HTML::TableExtractor - Do stuff with the layout of HTML tables.


HTML-TableExtractor documentation Contained in the HTML-TableExtractor distribution.

Index


Code Index:

NAME

Top

HTML::TableExtractor - Do stuff with the layout of HTML tables.

SYNOPSIS

Top

  use HTML::TableExtractor;
  $p = HTML::TableExtractor->new();
  $p->parse($html, 	table => sub { ... }, tr => sub { ... });

DESCRIPTION

Top

Parses HTML looking for table-related elements (table, tr, td and th as of version 0.1).

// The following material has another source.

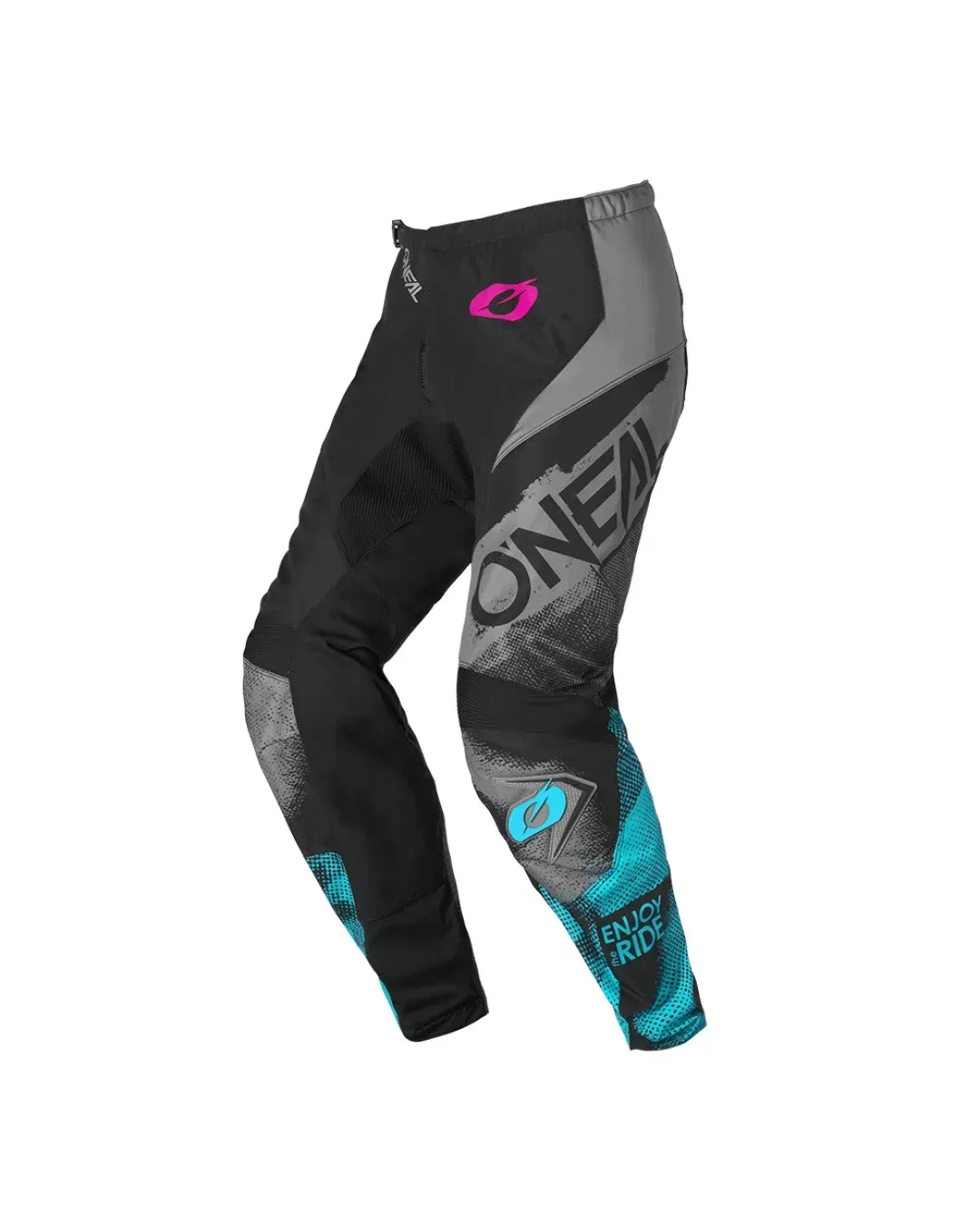 Дамски мотокрос брич O’NEAL ELEMENT ROLLER BLACK/CYAN V.26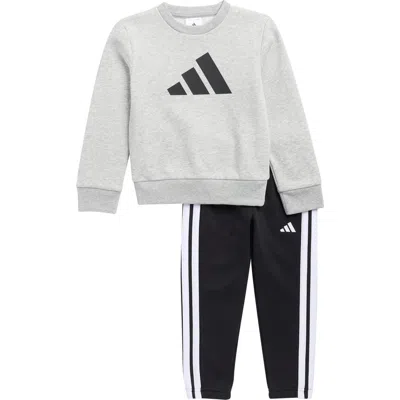 Adidas Originals Adidas Kids' Fleece Graphic Pullover & Track Pants Set In Gray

Three callbacks can be registered for each element. These callbacks, described below, are executed whenever an element of a particular type is encountered.

  o  start_${tagname}  Called whenever $tagname is opened.
  o  ${tagname}        Called immediately after start_${tagname}, and
		                   immediately before end_${tagname}.
  o  end_${tagname}    Called whenever a closing $tagname is encountered.




EXAMPLE

  use HTML::TableExtractor;
  $p = HTML::TableExtractor->new();
  $p->parse($html,
      start_table => sub {
        my ($attr, $origtext) = @_;
        print "Table border is $table->{border}\n";
      },
      tr => sub { print "Row opened or closed.\n" },
      );

	


METHODS

Top

start($parser, $tag, $attr, $attrseq, $origtext);

Called whenever a particular start tag has been recognised. This module recognises these tags: <table>, <tr>, <td> & <th>.

This method will be called by the parser and is not intended to be called from an application.

end($parser, $tag, $origtext);

Called whenever a particular end tag is encountered.

This method will be called by the parser and is not intended to be called from an application.

$p->parse($html, tag_type => \&coderef, ...);

This method is all you really need to do. Call it with callbacks for each tag type. These will be executed as described above.

EXPORTS

CAVEATS, BUGS, and TODO

o parse() should handle other data sources, such as streaming, file handle etc.

SEE ALSO

HTML::Parser, HTML::TableContentParser

AUTHOR

Top

Simon Drabble <simon@thebigmachine.org<gt>

(C) 2002 Simon Drabble

This software is released under the same terms as perl.


HTML-TableExtractor documentation Contained in the HTML-TableExtractor distribution.

#  $Id: TableExtractor.pm,v 1.2 2002/06/11 15:52:25 simon Exp $


package HTML::TableExtractor;

use HTML::Parser;

@ISA = qw(HTML::Parser);

use strict;


our $VERSION = 0.11;

# The tags we're interested in.
my @tag_names = qw(table tr td th);



sub start
{
	my ($self, $tag, $attr, $attrseq, $origtext) = @_;

	return unless grep { $_ eq lc($tag) } @tag_names;

	if (ref($self->{"${tag}_start_callback"}) eq 'CODE') {
		&{$self->{"${tag}_start_callback"}}($attr, $origtext);
	}
	if (ref($self->{"${tag}_callback"}) eq 'CODE') {
		&{$self->{"${tag}_callback"}}($attr, $origtext);
	}

}




sub end
{
	my ($self, $tag, $origtext) = @_;

	return unless grep { $_ eq lc($tag) } @tag_names;

	if (ref($self->{"${tag}_callback"}) eq 'CODE') {
		&{$self->{"${tag}_callback"}}($origtext);
	}
	if (ref($self->{"${tag}_end_callback"}) eq 'CODE') {
		&{$self->{"${tag}_end_callback"}}($origtext);
	}
}



sub parse
{
	my ($self, $data, @types) = @_;
	my %cbs = @types;

	for (@tag_names) {
		$self->{$_ . "_callback"} = $cbs{$_} if exists $cbs{$_};
		$self->{$_ . "_start_callback"} = $cbs{"start_$_"}
			if exists $cbs{"start_$_"};
		$self->{$_ . "_end_callback"} = $cbs{"end_$_"}
			if exists $cbs{"end_$_"};
	}
	$self->SUPER::parse($data);
}




1;

__END__